Shanghai Introduces Incentive Program to Boost Grid Flexibility and Energy Storage

31 Jul.,2025

Shanghai’s Development and Reform Commission, along with two other municipal departments, has jointly issued the Administrative Measures for Incentive Funds to Support Regulation Capacity in the City’s New Power System.

 

Original By NLS

Shanghai’s Development and Reform Commission, along with two other municipal departments, has jointly issued the Administrative Measures for Incentive Funds to Support Regulation Capacity in the City’s New Power System. The policy offers financial rewards to qualified virtual power plant (VPP) operators and new energy storage enterprises for projects connected to the grid between January 1, 2024, and December 31, 2028.

Grid flexibility is essential to the development of a modern power system.
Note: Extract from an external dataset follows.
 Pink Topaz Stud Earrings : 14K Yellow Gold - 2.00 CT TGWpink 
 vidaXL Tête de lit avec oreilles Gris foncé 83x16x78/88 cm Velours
Virtual power plants—platforms that aggregate and coordinate distributed energy resources—are seen as a key enabler of this flexibility. Among the critical assets within VPPs are vehicle-to-grid (V2G) technologies and new forms of energy storage.

The new measures aim to accelerate the integration of VPP resources while promoting the scale-up of energy storage infrastructure within the city. By incentivizing smart charging infrastructure and storage deployment, Shanghai is addressing current capacity shortfalls and laying the groundwork for a more resilient and adaptable power system.
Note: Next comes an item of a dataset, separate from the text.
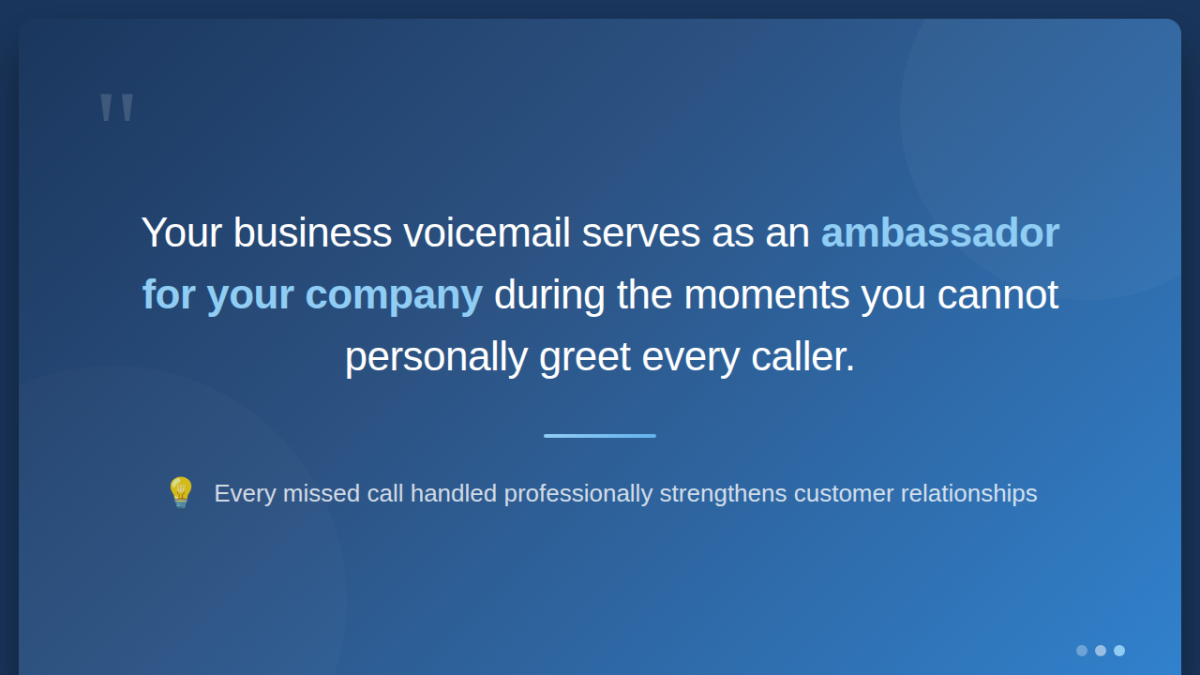Pull quote highlighting the importance of voicemail as a brand ambassador for business communication.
Under the policy, the following incentive standards will apply to projects that come online before September 1, 2025:

  1. Annual Incentives for VPP Aggregation Platforms

VPP platforms will receive RMB 50 per kilowatt of verified regulation capacity each year, with a maximum of RMB 1.5 million per platform annually. The incentive is valid for three consecutive years.
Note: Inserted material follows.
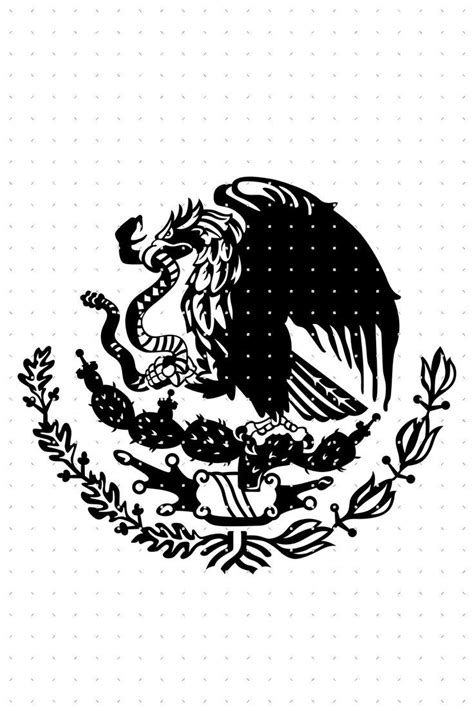 Mexico Coat Of Arms Svg Mexican Eagle Seal Clipart Mexico Etsy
  1. Annual Incentives for V2G Regulation Capacity

Smart V2G charging and discharging stations will be eligible for rewards based on evaluation results provided by grid operators (specific assessment criteria to be released separately). This incentive also runs for three years. In addition, privately owned non-smart chargers that are upgraded to smart models by the end of 2024 will qualify for a one-time incentive. However, upgrades completed in 2025 or later will not be eligible.